Well, that’s exciting. Let’s find out what has been repealed, shall we?

A quick glance (and careful number, letter, parenthesis, period, and italics following) yields that that there is no subsection (f) of Chapter 164 section 1A! The one ray of light in the entire document refers to the repeal of a non-existent subsection!

It’s really hard reading through the laws not only due to the convoluted, sub-sectioned, and awkwardly referential language, but mostly because it is a naked attempt to centralize electrical utilities which seems to have been accomplished with any possible dissent muffled under the warm and fuzzy Green blanket.

It’s another bureaucratic behemoth that feeds itself on the auction of allowances, defined as “an authorization to emit a fixed amount of carbon dioxide”. The auction/allowance program administered by the state under a gigantic amount of new regulations yet to be promulgated, calls for the a gigantic increase in the bureaucracy, including, but certainly not limited to a new office under the attorney general of “ratepayer advocacy”, an assistant attorney general whose “full time and attention” will be devoted to that new office, special consultants to help that assistant, not to mention the new staffing required for the Department of Environmental Protection and Department of Energy Resources to push the papers (oops, maybe they’ve gone paperless – you know, save a tree or two) paid for by whom?

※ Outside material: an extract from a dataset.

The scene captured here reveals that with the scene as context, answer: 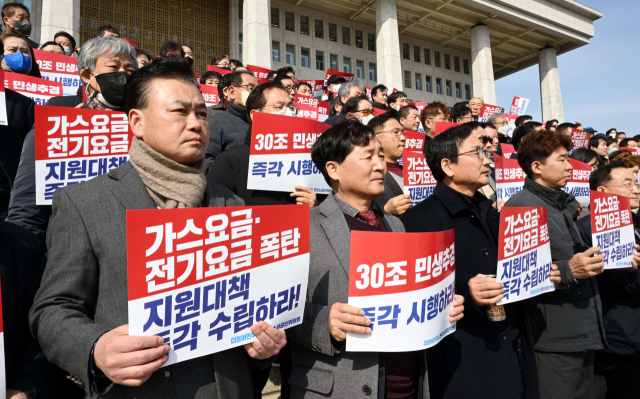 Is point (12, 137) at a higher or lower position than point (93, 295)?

You (me in this case).

The sheer increase in hoop-jumping the utilities must soon go through is truly staggering. In addition to a consumer tax per kilowatt hour to fund the energy programs, this Act strangles utilities in cost analysis and charges them with developing eight specific programs, but is not limited to such. All of this is done under the pretext of saving the consumer money. Again, I’m on page 8 of 52.

What will all this new state government accomplish? According to SECTION 7 of the Act which amends Chapter 21A of the MGL, the “Cap and trade program” will control emissions that will achieve the desired environmental effects. That’s it.

Before you non-Masssuicites get smug, you might want to take a look at that same SECTION 7, section 22 (e):

The responsibilities created by establishing a carbon dioxide cap and trade program shall be in addition to any other responsibilities imposed by any other general or special law or rule or regulation and shall not diminish or reduce any power of authority of the department, including the authority to adopt standards and regulation necessary for the commonwealth to join and fully participate in a multistate program at any stage in the development and implementation of such a program intended to control emissions of carbon dioxide or other substances that are determined by the department to be damaging or altering the climate.

This is just the beginning. The Memorandum of Understanding dated December 20, 2005 (a scant 20 pages and based on “growing scientific consensus”), and its subsequent Model Rule (a whopping 163 pages “designed to stabilize and then reduce anthropogenic emissions of CO2”, so the livestock have been spared) establishes these cap and trade programs within the northeast region of the United States and other regions established by the RGGI (a regional cooperative effort to reduce CO2 emissions – “a greenhouse gas which causes global warming”).

I hate to get all alea jacta est here, but this is pretty bad. The best we can hope for is that this program gets so heavy it suffocates under the weight of its own carbon dioxide load. If this shows us anything it's that once laws are made, they are seldom repealed.

1 comment:

Kim said...

Good for you for delving into the legalese. I've tried and I always stumble when I find out that the whole lawyerly profession uses some very common English word in some very wierd super-legal way.

Nice history reference! I even remember how to pronounce it. Boy, I miss listening to the lectures too. My littlest will let me listen in.